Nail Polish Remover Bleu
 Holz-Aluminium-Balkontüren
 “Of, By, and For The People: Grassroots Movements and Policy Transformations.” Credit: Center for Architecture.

- - - - - - -

* Task brief
Retype every line of the listing above exactly as given.

* Reply to the exercise
Nail Polish Remover Bleu
 Holz-Aluminium-Balkontüren
 “Of, By, and For The People: Grassroots Movements and Policy Transformations.” Credit: Center for Architecture.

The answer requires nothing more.